- _Data shown_
--- START ---
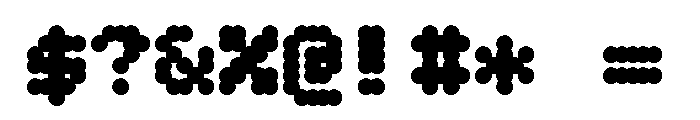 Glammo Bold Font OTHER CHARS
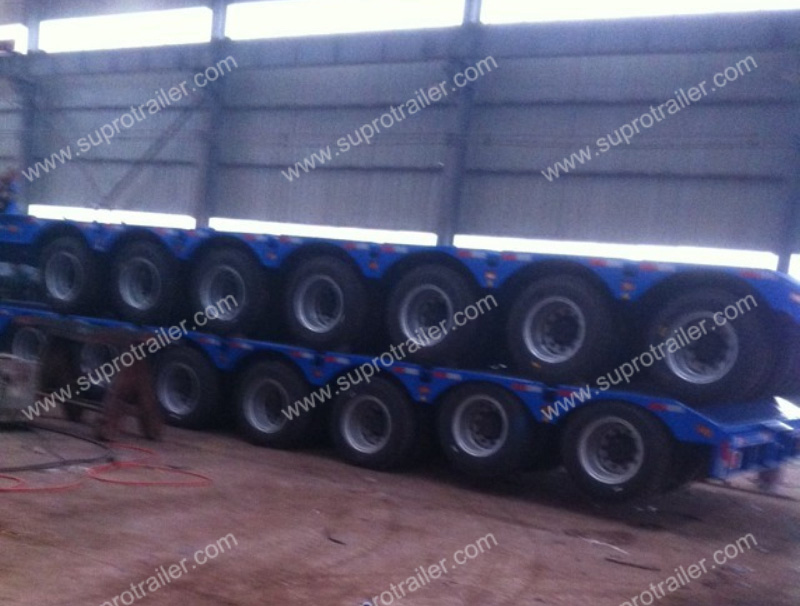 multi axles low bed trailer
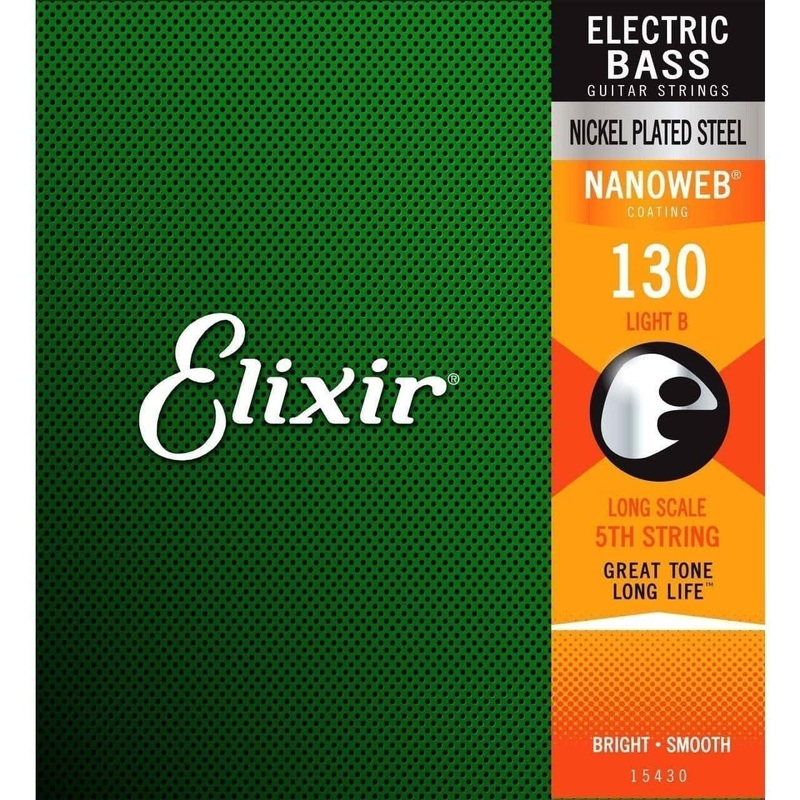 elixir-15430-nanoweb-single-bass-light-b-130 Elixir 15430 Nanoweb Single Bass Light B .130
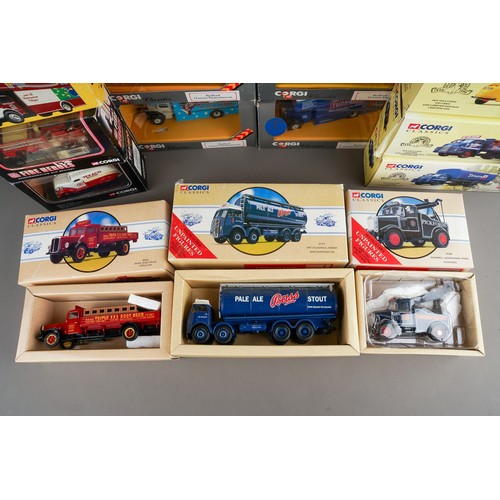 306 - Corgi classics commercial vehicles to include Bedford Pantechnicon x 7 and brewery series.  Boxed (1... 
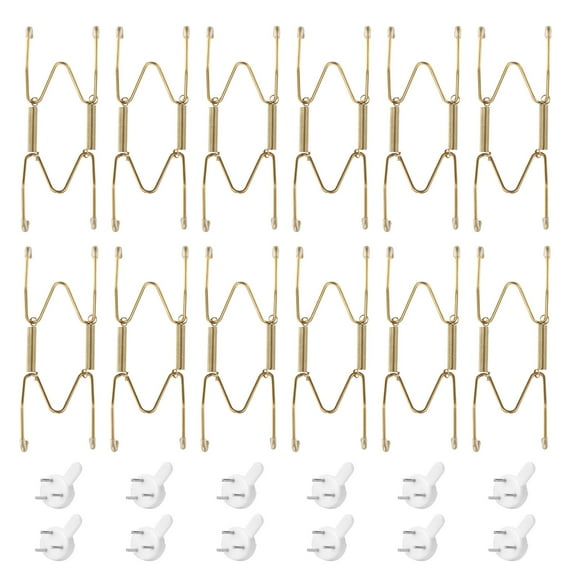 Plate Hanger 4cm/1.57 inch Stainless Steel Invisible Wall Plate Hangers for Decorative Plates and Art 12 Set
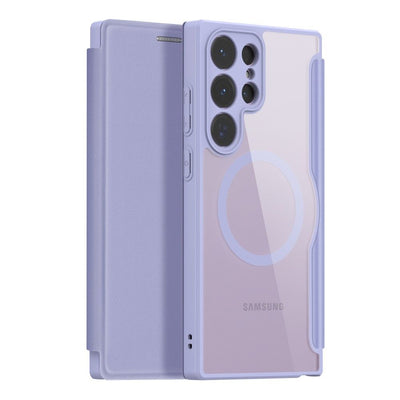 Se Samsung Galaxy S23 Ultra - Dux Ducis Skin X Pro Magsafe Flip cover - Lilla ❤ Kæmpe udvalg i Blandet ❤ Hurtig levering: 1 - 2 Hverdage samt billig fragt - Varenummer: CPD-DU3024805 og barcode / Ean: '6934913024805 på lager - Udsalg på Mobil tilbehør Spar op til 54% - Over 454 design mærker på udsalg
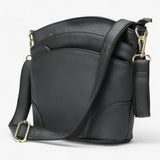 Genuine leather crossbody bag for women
--- END ---
- _Activity_
Print everything from the line with "elixir-15430-nanoweb-single-bass-light-b-130 Elixir 15430" down to the line with "Plate Hanger 4cm/1.57" in the entries above, both lines included and nothing more, without the pictures.

- _Reply to the exercise_
 elixir-15430-nanoweb-single-bass-light-b-130 Elixir 15430 Nanoweb Single Bass Light B .130
 306 - Corgi classics commercial vehicles to include Bedford Pantechnicon x 7 and brewery series.  Boxed (1... 
 Plate Hanger 4cm/1.57 inch Stainless Steel Invisible Wall Plate Hangers for Decorative Plates and Art 12 Set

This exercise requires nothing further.